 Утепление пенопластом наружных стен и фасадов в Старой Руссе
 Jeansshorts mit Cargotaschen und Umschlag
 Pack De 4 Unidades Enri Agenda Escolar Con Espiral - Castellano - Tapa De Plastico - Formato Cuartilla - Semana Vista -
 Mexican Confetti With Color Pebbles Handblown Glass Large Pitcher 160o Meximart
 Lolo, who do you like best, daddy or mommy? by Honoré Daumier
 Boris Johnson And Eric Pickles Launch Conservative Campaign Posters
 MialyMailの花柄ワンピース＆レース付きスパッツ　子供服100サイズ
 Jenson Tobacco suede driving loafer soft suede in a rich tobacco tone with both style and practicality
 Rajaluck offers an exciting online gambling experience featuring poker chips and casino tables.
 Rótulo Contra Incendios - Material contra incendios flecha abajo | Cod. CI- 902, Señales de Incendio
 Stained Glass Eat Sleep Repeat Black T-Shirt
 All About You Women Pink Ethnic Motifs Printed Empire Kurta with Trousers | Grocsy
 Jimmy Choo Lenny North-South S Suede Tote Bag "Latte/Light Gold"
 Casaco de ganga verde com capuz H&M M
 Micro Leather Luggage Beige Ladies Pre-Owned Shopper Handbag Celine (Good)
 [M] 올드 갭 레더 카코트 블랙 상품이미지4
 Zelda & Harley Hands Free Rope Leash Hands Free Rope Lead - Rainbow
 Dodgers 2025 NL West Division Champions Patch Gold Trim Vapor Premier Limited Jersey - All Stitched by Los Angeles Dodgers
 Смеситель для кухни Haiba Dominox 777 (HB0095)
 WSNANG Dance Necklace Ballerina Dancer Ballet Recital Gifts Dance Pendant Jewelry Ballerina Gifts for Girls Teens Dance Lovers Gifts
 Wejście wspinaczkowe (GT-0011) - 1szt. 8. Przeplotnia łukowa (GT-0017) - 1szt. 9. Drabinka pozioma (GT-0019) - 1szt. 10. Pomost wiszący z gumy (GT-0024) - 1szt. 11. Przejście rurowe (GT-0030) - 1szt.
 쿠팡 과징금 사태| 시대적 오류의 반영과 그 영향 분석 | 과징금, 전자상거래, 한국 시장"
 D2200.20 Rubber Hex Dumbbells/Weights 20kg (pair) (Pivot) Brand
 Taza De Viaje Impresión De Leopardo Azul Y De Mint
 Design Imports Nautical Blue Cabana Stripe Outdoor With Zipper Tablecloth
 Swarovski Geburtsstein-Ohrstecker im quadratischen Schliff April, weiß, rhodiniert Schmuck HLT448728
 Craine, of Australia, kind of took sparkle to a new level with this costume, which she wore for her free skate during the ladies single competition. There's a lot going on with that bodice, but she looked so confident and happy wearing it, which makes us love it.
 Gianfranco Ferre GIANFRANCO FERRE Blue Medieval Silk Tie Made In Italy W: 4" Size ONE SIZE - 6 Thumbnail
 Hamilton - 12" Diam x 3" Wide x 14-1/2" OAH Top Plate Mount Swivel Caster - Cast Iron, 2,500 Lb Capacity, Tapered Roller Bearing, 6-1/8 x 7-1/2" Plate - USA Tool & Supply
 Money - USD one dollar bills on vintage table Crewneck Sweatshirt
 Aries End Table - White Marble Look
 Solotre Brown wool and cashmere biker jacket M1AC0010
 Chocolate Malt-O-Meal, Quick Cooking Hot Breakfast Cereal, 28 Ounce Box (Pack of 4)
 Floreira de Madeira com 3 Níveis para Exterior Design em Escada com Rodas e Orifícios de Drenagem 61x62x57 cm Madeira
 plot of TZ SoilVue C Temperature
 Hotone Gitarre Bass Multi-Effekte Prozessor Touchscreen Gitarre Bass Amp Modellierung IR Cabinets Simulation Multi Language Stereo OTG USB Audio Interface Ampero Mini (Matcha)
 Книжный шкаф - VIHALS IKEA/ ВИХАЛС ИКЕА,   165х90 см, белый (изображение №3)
☆ ☆ ☆ ☆
## TASK ITEM
Repeat, word for word, the lines above between the line holding "MialyMailの花柄ワンピース＆レース付きスパッツ　子供服100サイズ" and the line holding "Money - USD", inclusive; omit everything else.

## SOLUTION TO THE EXERCISE
 MialyMailの花柄ワンピース＆レース付きスパッツ　子供服100サイズ
 Jenson Tobacco suede driving loafer soft suede in a rich tobacco tone with both style and practicality
 Rajaluck offers an exciting online gambling experience featuring poker chips and casino tables.
 Rótulo Contra Incendios - Material contra incendios flecha abajo | Cod. CI- 902, Señales de Incendio
 Stained Glass Eat Sleep Repeat Black T-Shirt
 All About You Women Pink Ethnic Motifs Printed Empire Kurta with Trousers | Grocsy
 Jimmy Choo Lenny North-South S Suede Tote Bag "Latte/Light Gold"
 Casaco de ganga verde com capuz H&M M
 Micro Leather Luggage Beige Ladies Pre-Owned Shopper Handbag Celine (Good)
 [M] 올드 갭 레더 카코트 블랙 상품이미지4
 Zelda & Harley Hands Free Rope Leash Hands Free Rope Lead - Rainbow
 Dodgers 2025 NL West Division Champions Patch Gold Trim Vapor Premier Limited Jersey - All Stitched by Los Angeles Dodgers
 Смеситель для кухни Haiba Dominox 777 (HB0095)
 WSNANG Dance Necklace Ballerina Dancer Ballet Recital Gifts Dance Pendant Jewelry Ballerina Gifts for Girls Teens Dance Lovers Gifts
 Wejście wspinaczkowe (GT-0011) - 1szt. 8. Przeplotnia łukowa (GT-0017) - 1szt. 9. Drabinka pozioma (GT-0019) - 1szt. 10. Pomost wiszący z gumy (GT-0024) - 1szt. 11. Przejście rurowe (GT-0030) - 1szt.
 쿠팡 과징금 사태| 시대적 오류의 반영과 그 영향 분석 | 과징금, 전자상거래, 한국 시장"
 D2200.20 Rubber Hex Dumbbells/Weights 20kg (pair) (Pivot) Brand
 Taza De Viaje Impresión De Leopardo Azul Y De Mint
 Design Imports Nautical Blue Cabana Stripe Outdoor With Zipper Tablecloth
 Swarovski Geburtsstein-Ohrstecker im quadratischen Schliff April, weiß, rhodiniert Schmuck HLT448728
 Craine, of Australia, kind of took sparkle to a new level with this costume, which she wore for her free skate during the ladies single competition. There's a lot going on with that bodice, but she looked so confident and happy wearing it, which makes us love it.
 Gianfranco Ferre GIANFRANCO FERRE Blue Medieval Silk Tie Made In Italy W: 4" Size ONE SIZE - 6 Thumbnail
 Hamilton - 12" Diam x 3" Wide x 14-1/2" OAH Top Plate Mount Swivel Caster - Cast Iron, 2,500 Lb Capacity, Tapered Roller Bearing, 6-1/8 x 7-1/2" Plate - USA Tool & Supply
 Money - USD one dollar bills on vintage table Crewneck Sweatshirt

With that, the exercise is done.